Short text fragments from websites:

/---

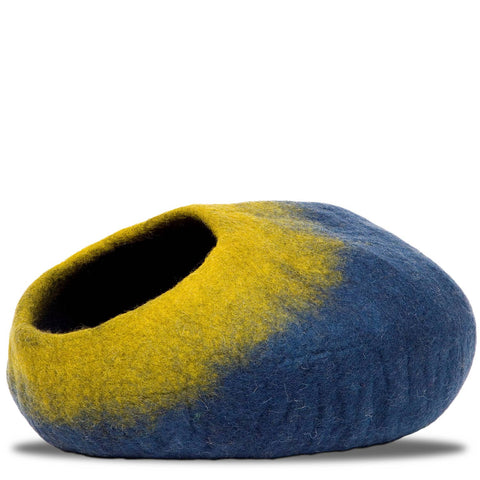 Karma Cat Inc. - Ombre Wool Pet Cave, Navy & Green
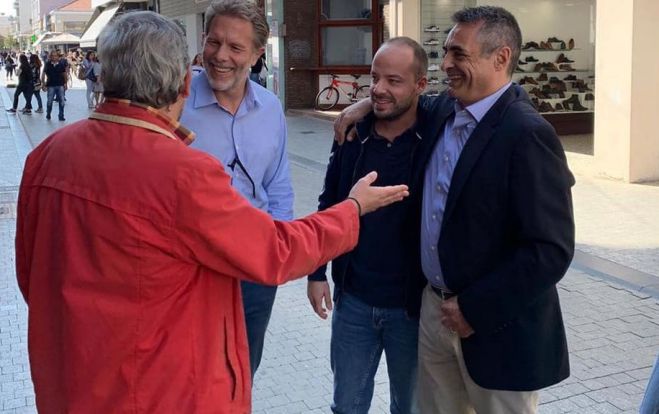 &Sigma;&tau;&eta;&nu; &Tau;&rho;ί&pi;&omicron;&lambda;&eta; &omicron; &Pi;&alpha;ύ&lambda;&omicron;&sigmaf; &Gamma;&epsilon;&rho;&omicron;&upsilon;&lambda;ά&nu;&omicron;&sigmaf;! (&epsilon;&iota;&kappa;ό&nu;&epsilon;&sigmaf;)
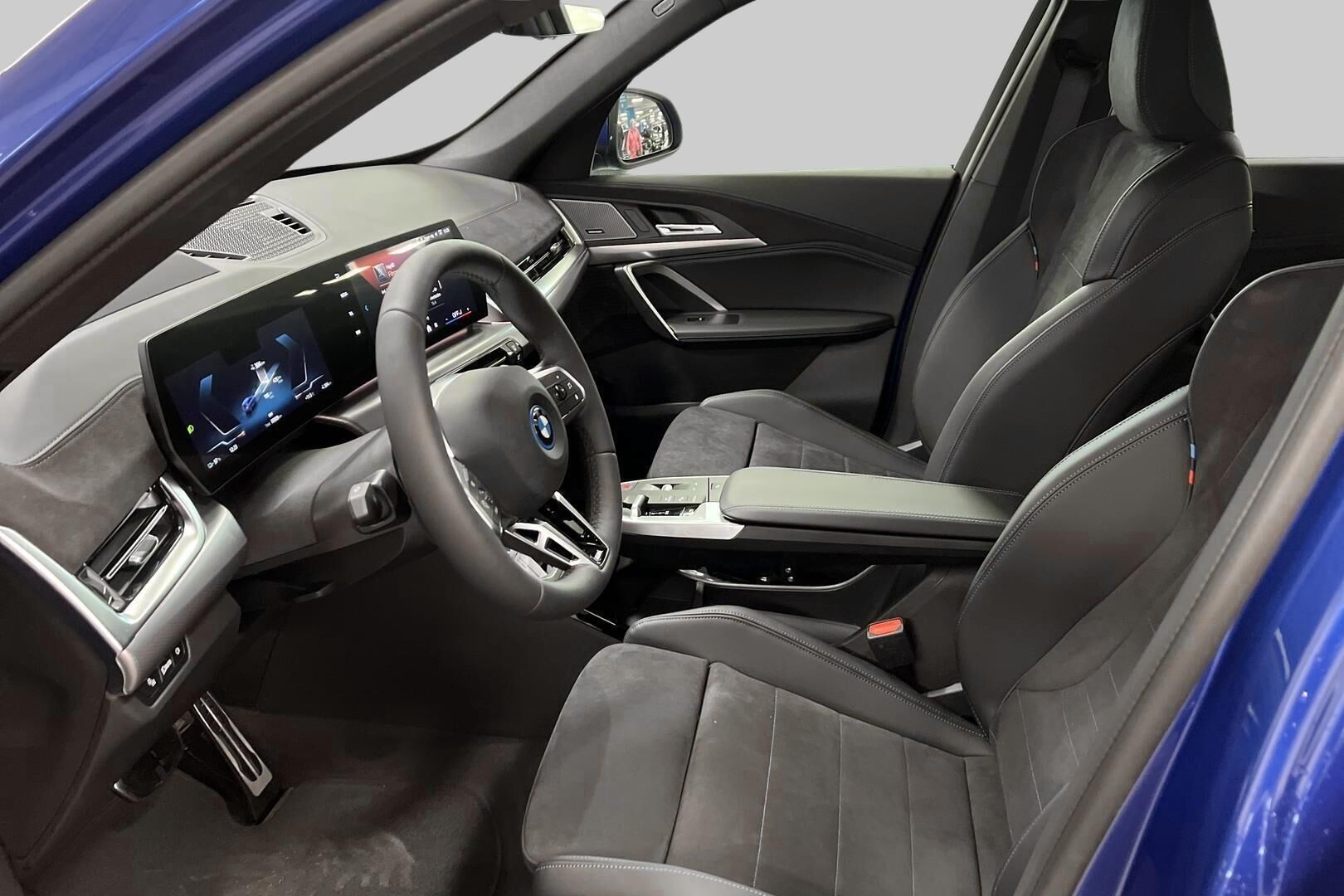 BMW iX1 iso kuva 3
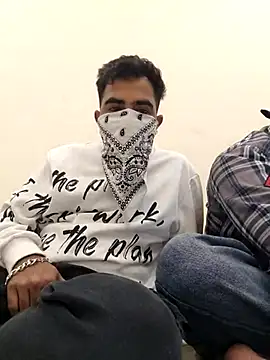 13lusty online show from 03.17.25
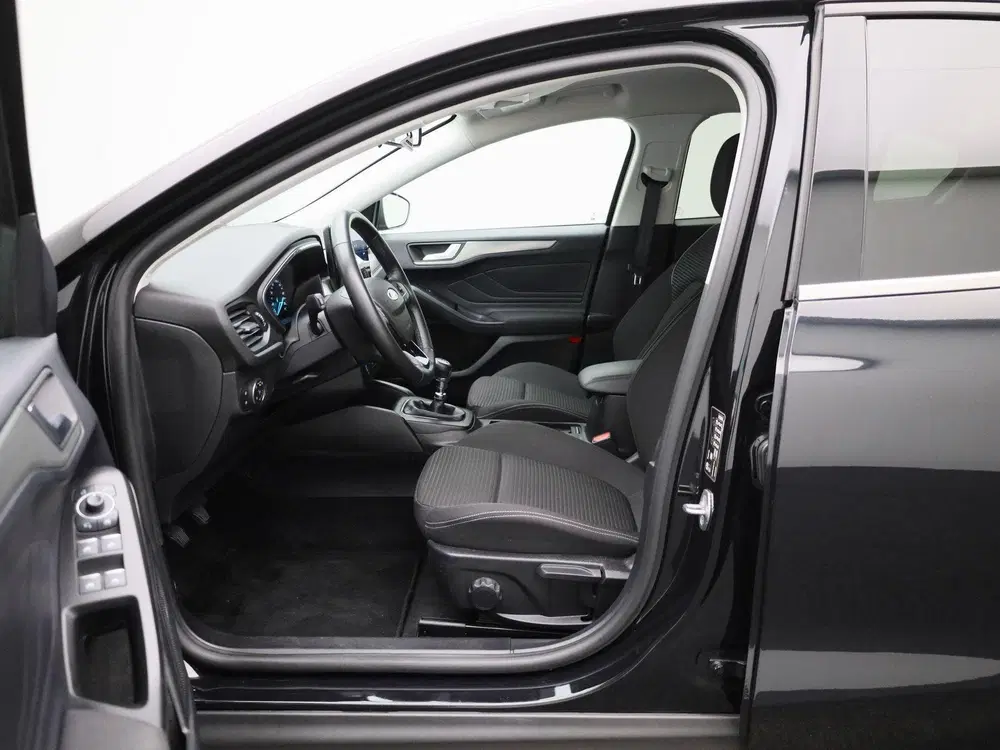 Ford Focus 1.0 EcoBoost Hybrid Titanium uit 2023, foto 10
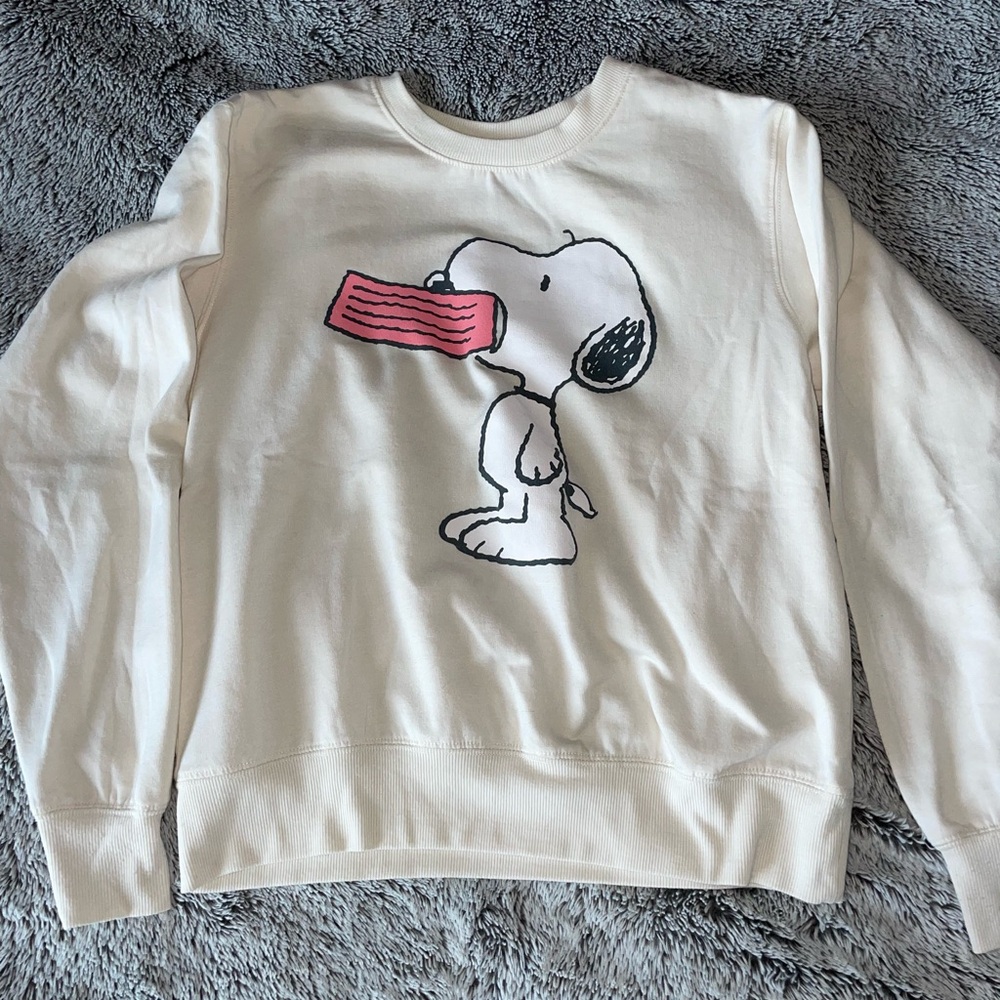 Cream Snoopy Sweatshirt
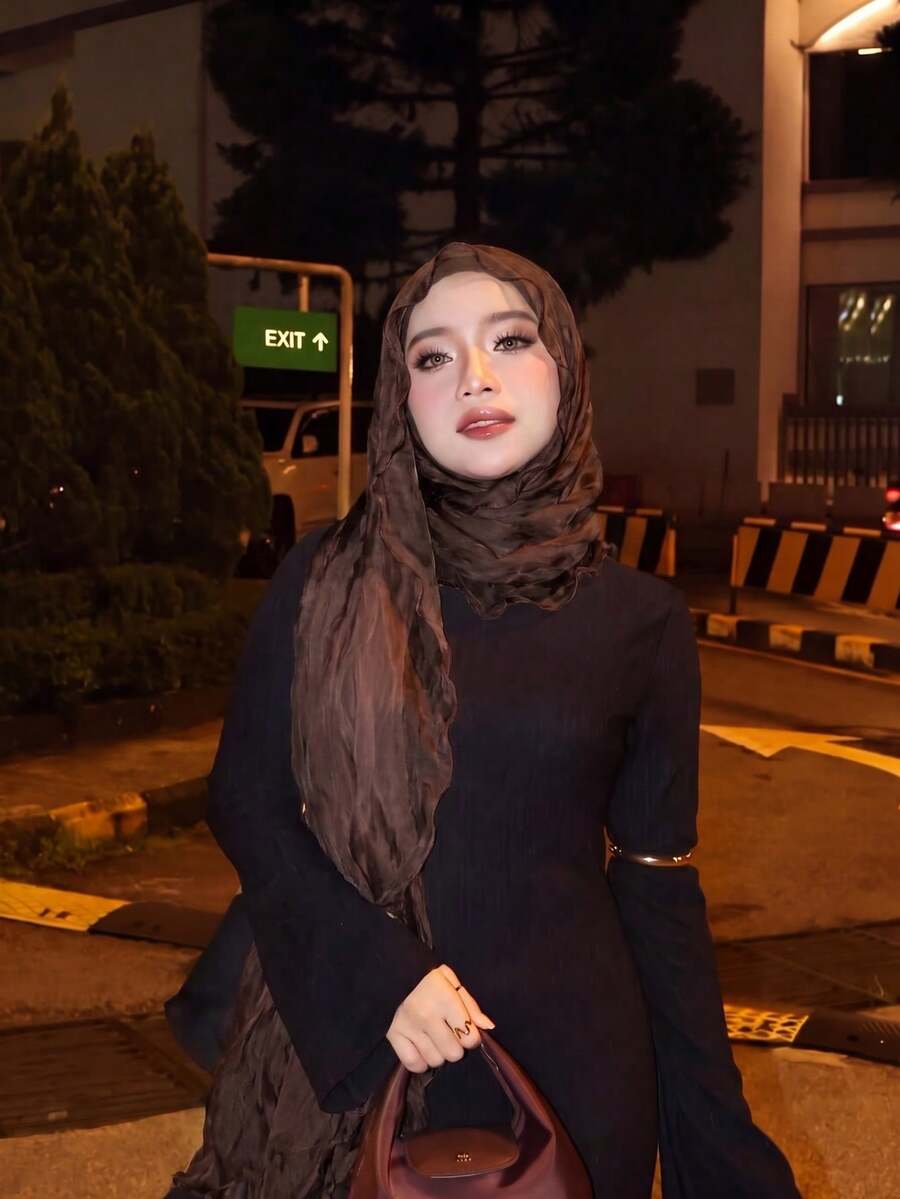 1件裝女款亮面皺褶純色咖啡色頭巾，輕盈垂墜披巾，可用作頭巾、冷氣披肩、外搭圍巾，適合通勤、約會／日常造型，適用所有場合
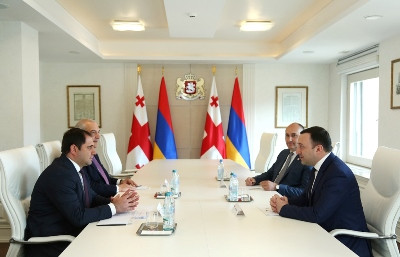 Armenia Defense Minister meets with Georgian PM
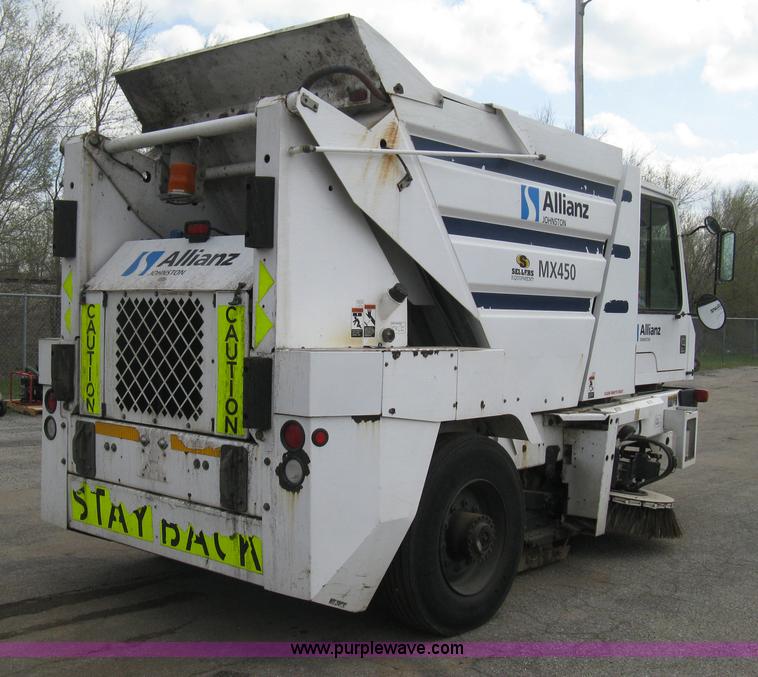 image for item E3472 2006 Allianz MX450 street sweeper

\---

The pictures alone are to be left out when the data above is copied; all else must match exactly.

 Karma Cat Inc. - Ombre Wool Pet Cave, Navy & Green
 &Sigma;&tau;&eta;&nu; &Tau;&rho;ί&pi;&omicron;&lambda;&eta; &omicron; &Pi;&alpha;ύ&lambda;&omicron;&sigmaf; &Gamma;&epsilon;&rho;&omicron;&upsilon;&lambda;ά&nu;&omicron;&sigmaf;! (&epsilon;&iota;&kappa;ό&nu;&epsilon;&sigmaf;)
 BMW iX1 iso kuva 3
 13lusty online show from 03.17.25
 Ford Focus 1.0 EcoBoost Hybrid Titanium uit 2023, foto 10
 Cream Snoopy Sweatshirt
 1件裝女款亮面皺褶純色咖啡色頭巾，輕盈垂墜披巾，可用作頭巾、冷氣披肩、外搭圍巾，適合通勤、約會／日常造型，適用所有場合
 Armenia Defense Minister meets with Georgian PM
 image for item E3472 2006 Allianz MX450 street sweeper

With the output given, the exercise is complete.